Anywhere your musical whims went, the Hopscotch aesthetic was on display. On Thursday, I strolled over to the beautiful Fletcher Opera Hall, a new venue addition this year. Among sets by acoustic folk-blues wizard Steve Gunn, avant-jazz trio the Necks and Dinosaur Jr legend J Mascis was Rhys Chatham’s magical 1977 piece “Guitar Trio,” this time featuring the composer and nine mostly local guitarists (among them Polvo’s Ash Bowie, Horseback’s Jenks Miller, and Birds of Avalon’s Cheetie Kumar). The piece consists of a single chord played for nearly 30 minutes, with a bassist (Annuals’ Mike Robinson) and drummer (Mount Moriah’s Lee Waters) providing propulsion.

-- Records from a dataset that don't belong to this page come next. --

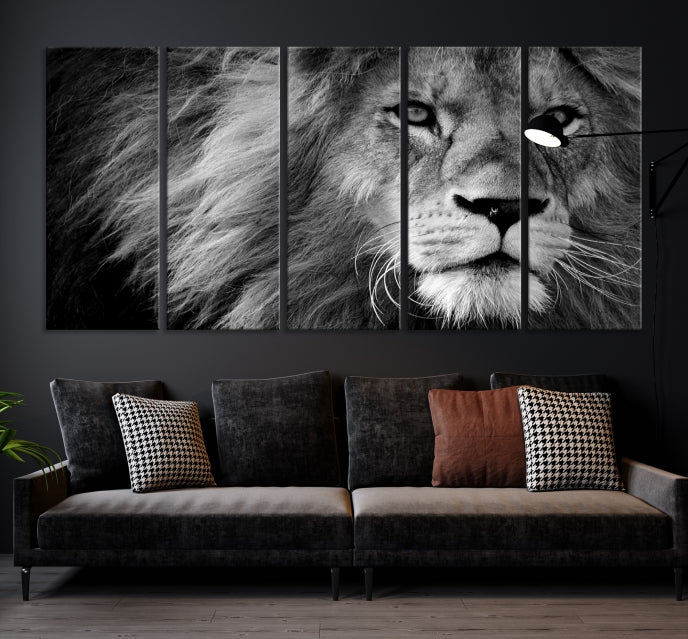 Impression d’art mural sur toile de lion noir et blanc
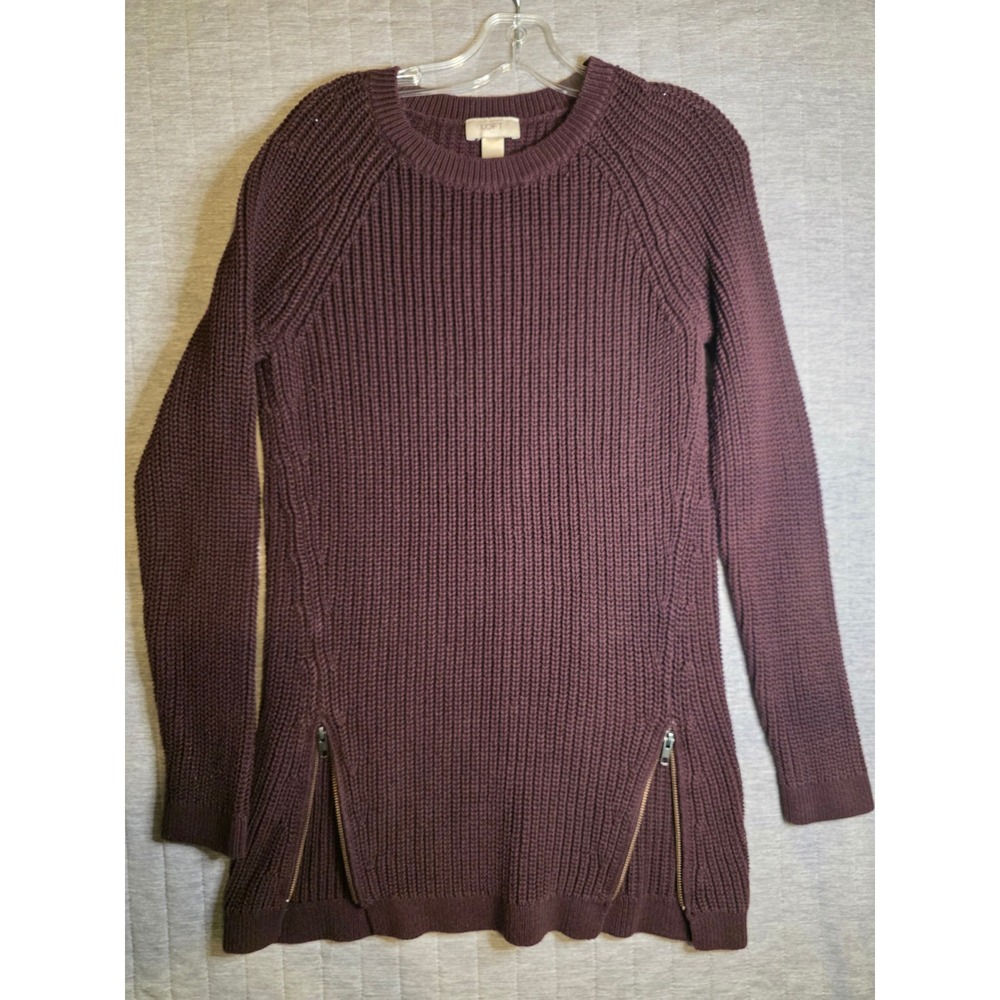1490 LOFT Plum Purple Shaker Knit Tunic Sweater Side Zippers 100% Cotton Large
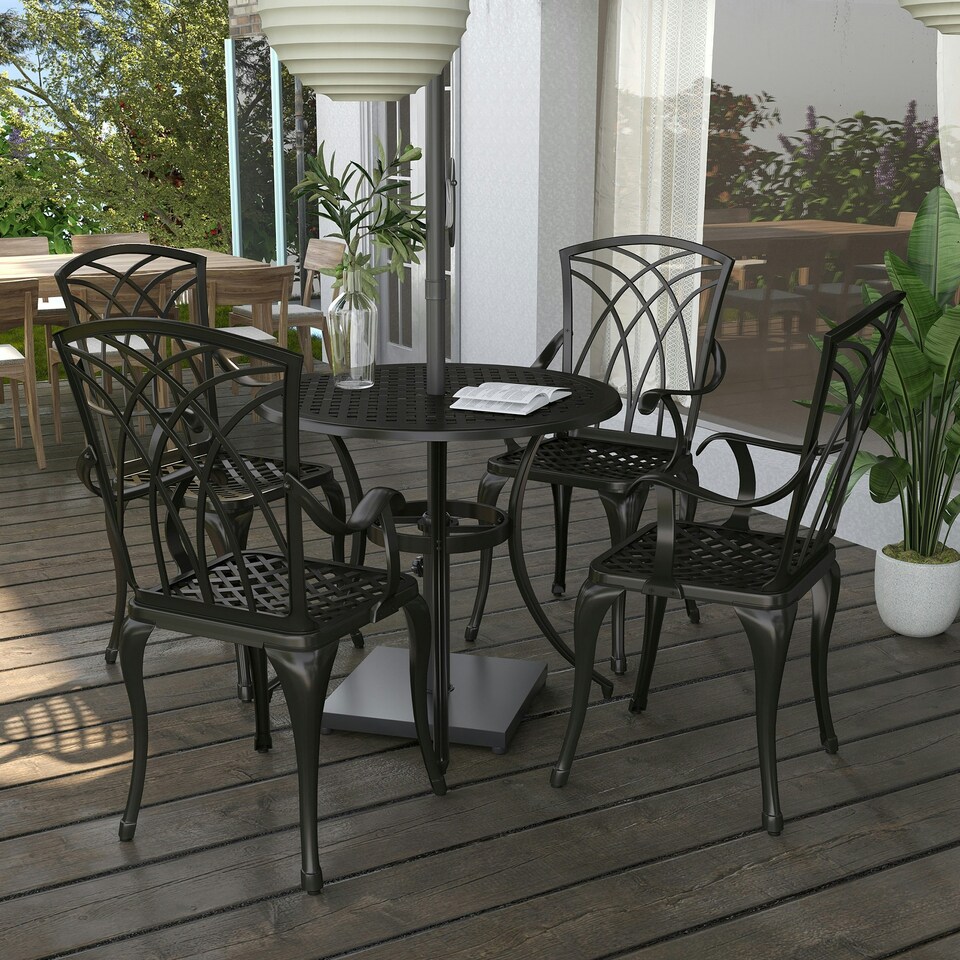 image 1 of Outsunny 5 PCs Coffee Table Chairs Outdoor Garden Furniture Set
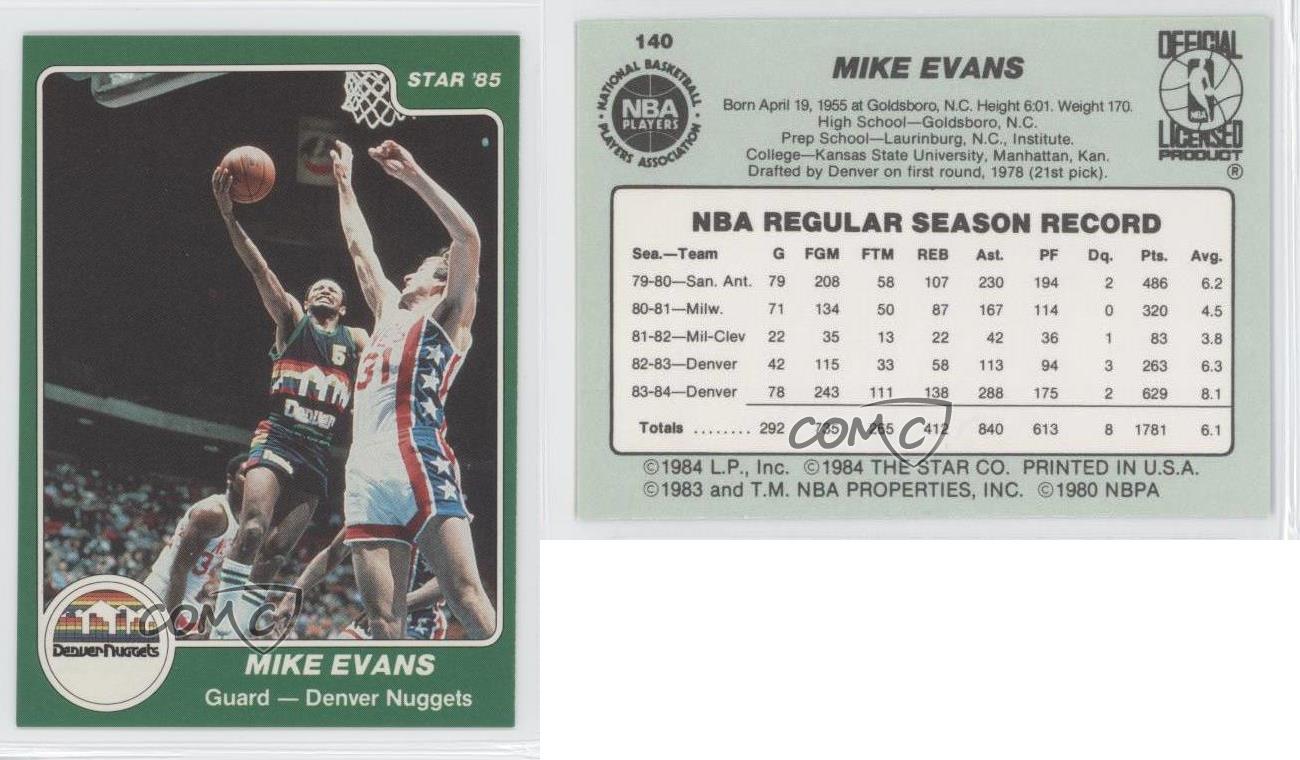 198485 Star 140 Mike Evans Denver Nuggets Rookie Basketball Card eBay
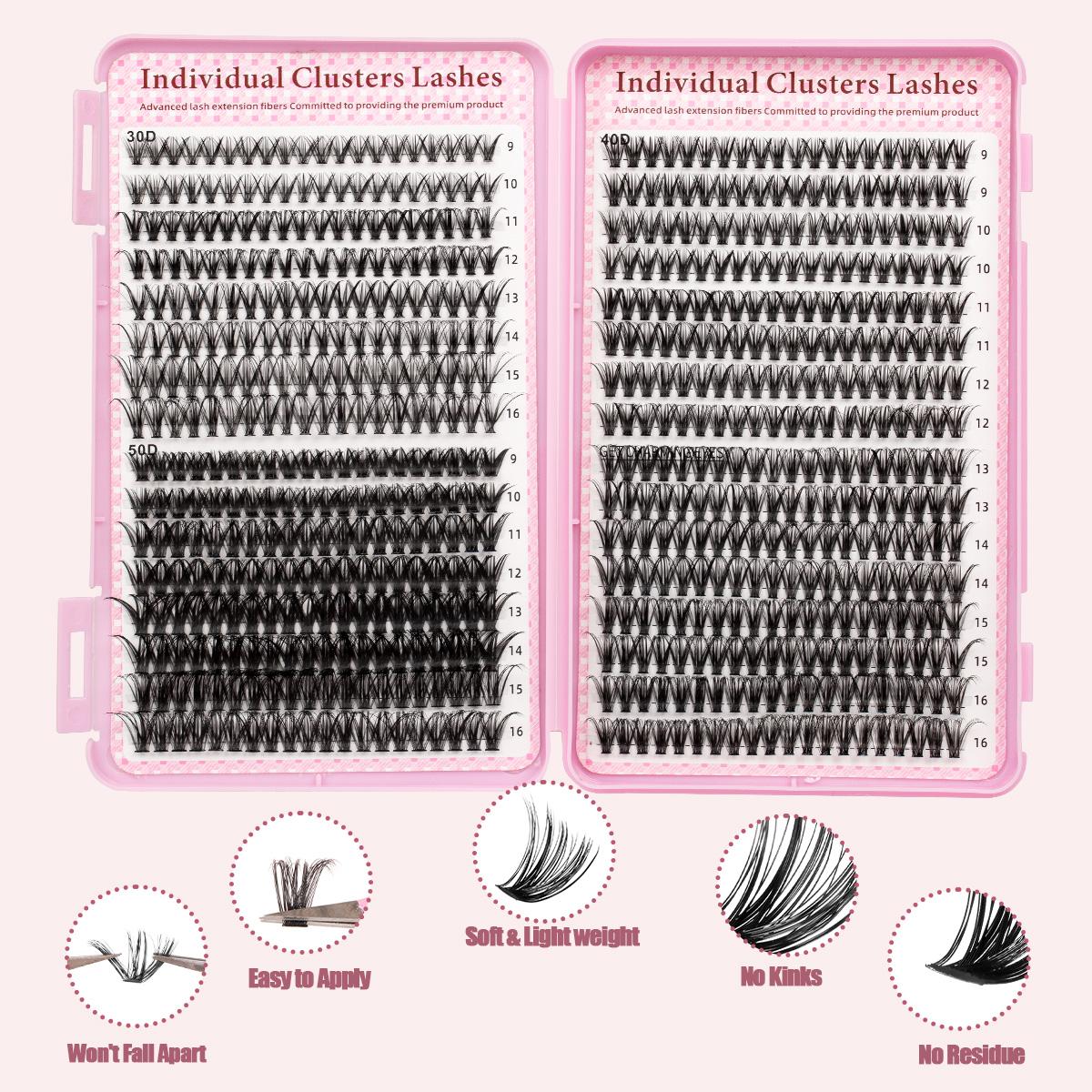 Lash Clusters | Fluffy False Eyelashes | Waterproof & Long-Lasting | Fashion Wet Look | Beginner-Friendly DIY | Salon-Grade Lash Extension Alternative | Flawless Voluminous Finish | Evil lash | Trendy Must-Have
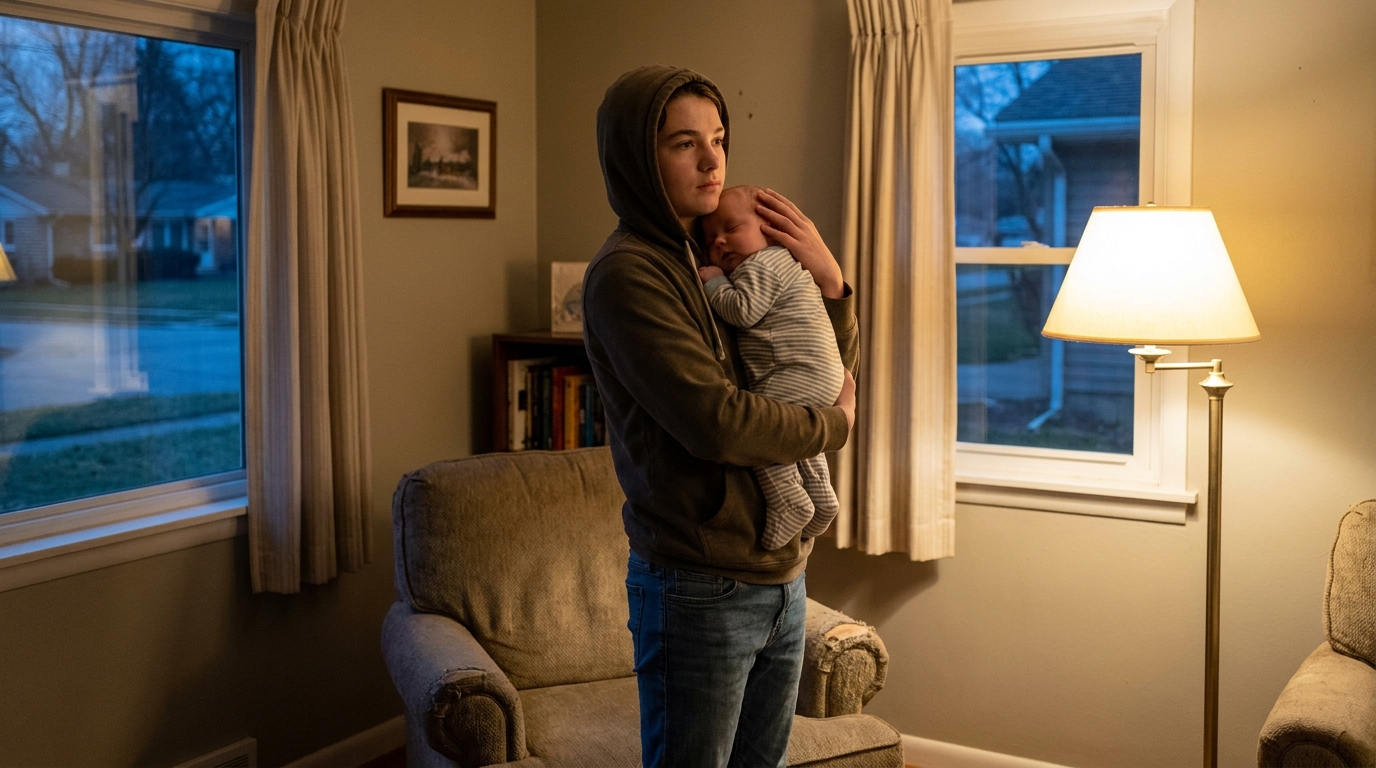 A teenager holding a baby upright at their shoulder, one hand behind its head.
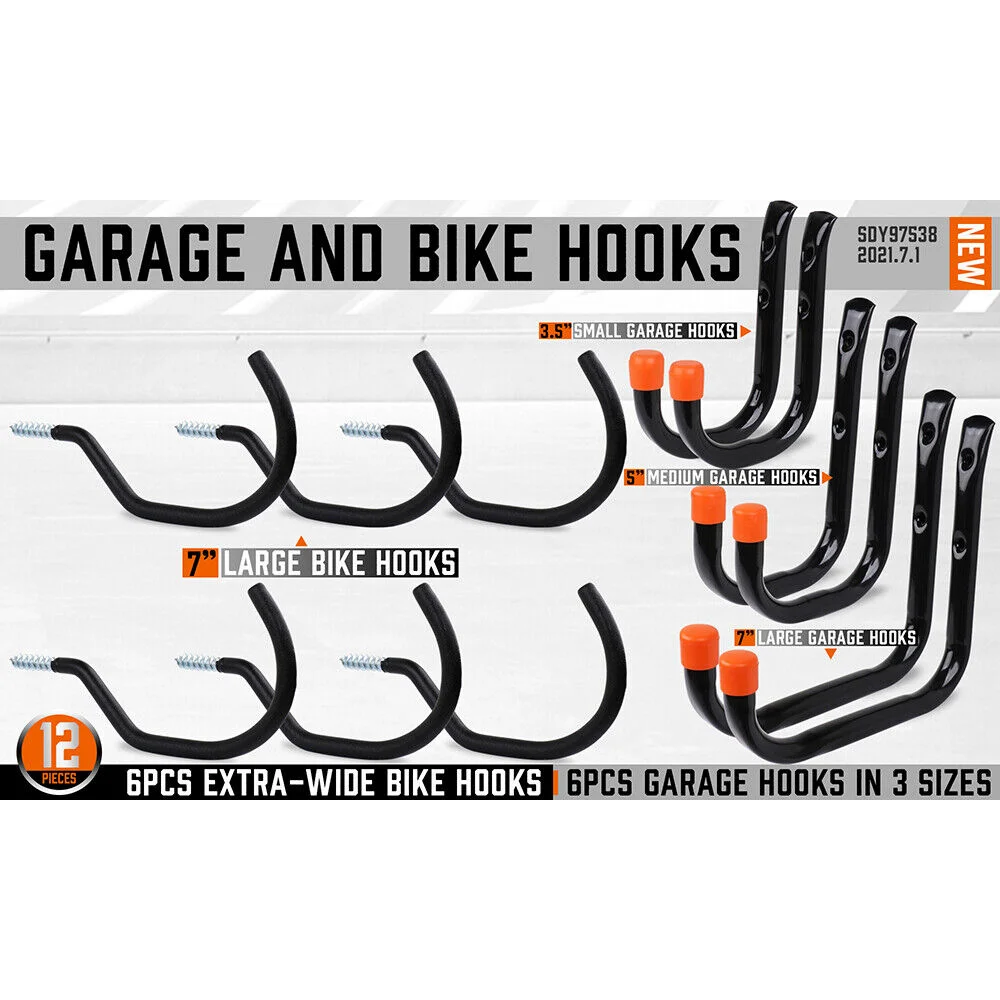 Wall Mount Hooks Set Heavy Duty 12Pc Steel Garage Storage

That might sound like a typically cold and academic exercise in the avant-garde, but as the “HOLY SHIT!” texts filling up my phone confirmed, it was instead a transcendent exploration of musical dynamics as emotionally fulfilling as any great rock song. In fact, its “in service of the song” ideal proved a helluva lot more compelling than any tired “Freebird” guitar-hero bullshit. I bumped into Lambchop guitarist William Tyler the next night, who compared the experience to playing in a Gamelan ensemble: “All those guitars riding one chord — I loved it!”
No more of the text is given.